9 de agosto de 2007

Moscú revisitado




El resquemor inevitable que el viejo Tupolev de Aeroflot, que nos espera en la pista oliendo a una mezcla de keroseno y comida recalentada, se ha ido disipando. El avión despega con achacosa lentitud y parece que hacer cambio de marchas para subir a altitud de crucero. La cena, que en los buenos viejos tiempos incluía caviar en la clase ejecutiva, ha rebajado sus pretensiones. Apenas pasa de aceptable y el servicio a bordo es tan espartano como innecesario. Sin radio, sin película, sin ruidos, sin tan siquiera sobresaltos, vamos surcando la noche de luna llena hacia nuestro destino.


Cuando el avión comienza a descender sobre Moscú está amaneciendo. Me fijo en la mancha gris del paisaje, moteada de grandes extensiones blancas. Adivino que se trata de los lagos y claros nevados en medio de los grandes bosques que rodean a la capital. Tímidamente, el horizonte se va coloreando de un rosa pálido que difumina los perfiles y me introduce como en uno de esos estudios impresionistas de la luz realizados por Monet.


A punto de tocar tierra, grandes brochazos anaranjados han teñido ya los perfiles y Moscú aparece a nuestros ojos nevada, brumosa, humeante pero con la promesa de un tibio sol primaveral.

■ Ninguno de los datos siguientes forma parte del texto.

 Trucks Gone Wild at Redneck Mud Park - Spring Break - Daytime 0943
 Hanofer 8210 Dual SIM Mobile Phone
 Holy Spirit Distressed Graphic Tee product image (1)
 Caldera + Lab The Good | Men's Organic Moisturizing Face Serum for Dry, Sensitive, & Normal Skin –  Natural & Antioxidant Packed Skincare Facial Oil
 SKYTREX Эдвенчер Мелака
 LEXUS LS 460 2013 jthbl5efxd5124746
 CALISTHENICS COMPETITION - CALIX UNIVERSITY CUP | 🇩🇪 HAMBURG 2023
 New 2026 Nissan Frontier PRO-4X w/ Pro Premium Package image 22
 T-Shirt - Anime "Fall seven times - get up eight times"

En el Control de Pasaportes nunca hay prisa. Las filas se hacen y se deshacen sin rigor alguno, pero sin acritud. Los turistas porque no tienen prisa, los viajeros frecuentes porque ya están acostumbrados y los paisanos de las repúblicas otrora hermanas, porque aceptan con fatalidad la situación como única posible, el caso es que la aceptación o la resignación es unánime y al cabo de una hora de hacer cola paso por fin bajo la mirada escrutadora de la joven aduanera cuyo empeño en su escrutinio, nunca logro averiguar si es a causa de un tic o deformación profesional y si de verdad he cambiado tanto en estos últimos meses que todo parecido de mi foto en el pasaporte con la realidad, es mera coincidencia. Estas colas tienen una ventaja: la maleta cuando llego a ella, está mareada de dar vueltas. El trámite de otro control aunque enojoso es más sencillo.


En la habitación del hotel del Golden Ring, instintivamente me acerco a la ventana. Desde el piso 17 contemplo la ciudad. Creo sinceramente que el gesto obedece al insistente deseo de plasmar sensaciones que una y otra vez se me escapan. Los penachos de humo de las centrales térmicas que además de proporcionar electricidad dan calor colectivamente a la ciudad, sumergen a ésta a primera hora de la mañana en una bruma lechosa semejante a la de las antiguas estaciones de ferrocarril. De los siete u ocho monumentos civiles estalinianos tres están a la vista.


A lo lejos, solitario y majestuoso el perfil de la Universidad, hierático navío de palo inhiesto, que parece vigilar desde su colina el sueño de la ciudad. Más cerca, en un magnífico recodo del río Moscova, totalmente helado, el ocupado ahora por el hotel Ucrania, vieja gloria del Imperio, y finalmente más cerca aún, el edificio sede del Ministerio de Asuntos Exteriores donde a esta hora tan temprana se observan ya muchas luces encendidas señal inequívocamente del seguimiento que desde aquí se hace de la azarosa situación internacional en la que Rusia se debate entre los intereses a corto plazo de inversiones americanas y participación en el petróleo Iraquí y los intereses a mayor plazo de volver a ocupar un puesto relevante en la hegemonía mundial capaz de plantar cara al gigante e irresponsable coloso americano.